Namun, banyak ahli mengatakan penggunaan dominasi tanah jarang oleh Tiongkok dapat melemahkan perangkat geopolitiknya, sekaligus mempercepat peralihan global ke sumber pasokan alternatif.
"Pembatasan yang ada saat ini dapat mendorong Washington dan sekutunya untuk mengintensifkan strategi reshoring, penimbunan, dan daur ulang, yang pada akhirnya melemahkan pengaruh Tiongkok," ujar Profesor Kiggins, yang menambahkan bahwa dalam jangka panjang, Beijing dapat "memfasilitasi munculnya ekosistem tanah jarang paralel di luar kendalinya."
Bapak Underwood sependapat, dengan mengatakan: “Pembatasan yang berkepanjangan dapat meningkatkan harga tanah jarang, menarik investasi yang berlebihan, dan pada akhirnya mengikis pangsa pasar Tiongkok sekaligus memacu inovasi yang melemahkan daya ungkitnya.”
Pasar juga bereaksi terhadap perubahan tersebut. Saham perusahaan pertambangan dan produksi tanah jarang AS dan Australia melonjak setelah pengumuman tersebut. JPMorgan Chase juga mengumumkan akan menginvestasikan miliaran dolar dalam "industri-industri yang penting bagi keamanan nasional dan ketahanan ekonomi kita," termasuk mineral-mineral penting, yang ketergantungannya pada pasokan asing merupakan kelemahan yang "sangat jelas", ujar CEO Jamie Dimon.
Brian Menell, ketua dan CEO TechMet Limited, sebuah perusahaan investasi yang berfokus pada rantai pasokan "berorientasi Barat", mengatakan AS berpotensi mengurangi ketergantungannya pada Tiongkok. Ia yakin AS dapat "mengungguli pengeluaran" dan "mengungguli inovasi" Tiongkok untuk mengubah teknologi di seluruh rantai pasokan, sehingga mengurangi ketergantungannya pada Beijing.

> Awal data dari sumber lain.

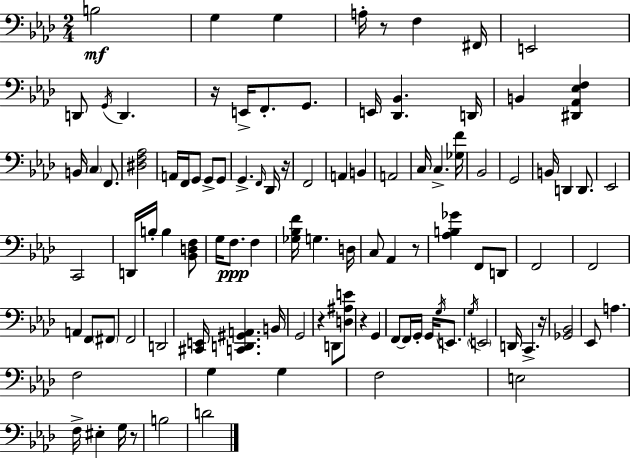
X:1
T:Untitled
M:2/4
L:1/4
K:Ab
B,2 G, G, A,/4 z/2 F, ^F,,/4 E,,2 D,,/2 G,,/4 D,, z/4 E,,/4 F,,/2 G,,/2 E,,/4 [_D,,_B,,] D,,/4 B,, [^D,,_A,,_E,F,] B,,/4 C, F,,/2 [^D,F,_A,]2 A,,/4 F,,/4 G,,/2 G,,/2 G,,/2 G,, F,,/4 _D,,/4 z/4 F,,2 A,, B,, A,,2 C,/4 C, [_G,F]/4 _B,,2 G,,2 B,,/4 D,, D,,/2 _E,,2 C,,2 D,,/4 B,/4 B, [_B,,D,F,]/2 G,/4 F,/2 F, [_G,_B,F]/4 G, D,/4 C,/2 _A,, z/2 [_A,B,_G] F,,/2 D,,/2 F,,2 F,,2 A,, F,,/2 ^F,,/2 F,,2 D,,2 [^C,,E,,]/4 [C,,D,,^G,,A,,] B,,/4 G,,2 z D,,/2 [D,^A,E]/2 z G,, F,,/2 F,,/4 G,,/4 G,,/4 G,/4 E,,/2 G,/4 E,,2 D,,/4 C,, z/4 [_G,,_B,,]2 _E,,/2 A, F,2 G, G, F,2 E,2 F,/4 ^E, G,/4 z/2 B,2 D2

TechMet, yang menerima pendanaan dari US International Development Finance Corporation, telah melakukan kontak "setiap hari" dengan badan-badan pemerintah AS mengenai percepatan transisi menuju pasokan tanah jarang "bebas Tiongkok" sejak pengumuman tersebut.
Langkah awal dalam diversifikasi
Kerentanan ketergantungan Tiongkok telah lama diakui oleh sektor publik maupun swasta, yang mendorong investasi signifikan dan terobosan baru-baru ini. Pada bulan Juli, Apple mengumumkan kemitraan senilai $500 juta dengan MP Materials untuk membeli magnet tanah jarang dan mendirikan fasilitas daur ulang dan manufaktur baru di California dan Texas. Pada bulan Mei, perusahaan Australia Lynas menjadi perusahaan pertama di luar Tiongkok yang berhasil memproduksi disprosium oksida (tanah jarang "berat") di fasilitasnya di Malaysia.
Sementara China masih mendominasi dalam hal produksi dan pemrosesan, AS juga memiliki sumber daya mineralnya sendiri seperti tambang Mountain Pass di California dan tambang Spruce Pine di North Carolina.
Namun, Nakano, seorang pakar di CSIS, memperingatkan bahwa skala produksi dan kapasitas pemrosesan Tiongkok yang sangat besar akan "sulit ditandingi dalam waktu dekat," seraya menambahkan bahwa "Tiongkok tidak tinggal diam" dan "kemungkinan akan terus mengembangkan rantai pasokan mineralnya untuk memperkuat posisinya."
Jadi, pembatasan terbaru Tiongkok bisa menjadi daya ungkit untuk mendapatkan konsesi dalam perundingan perdagangan yang sedang berlangsung, atau sekadar "peringatan" menjelang pertemuan yang direncanakan antara Presiden AS Donald Trump dan Presiden Tiongkok Xi Jinping akhir bulan ini. Namun, dominasi Tiongkok selama bertahun-tahun telah mendorong dunia ke arah diversifikasi.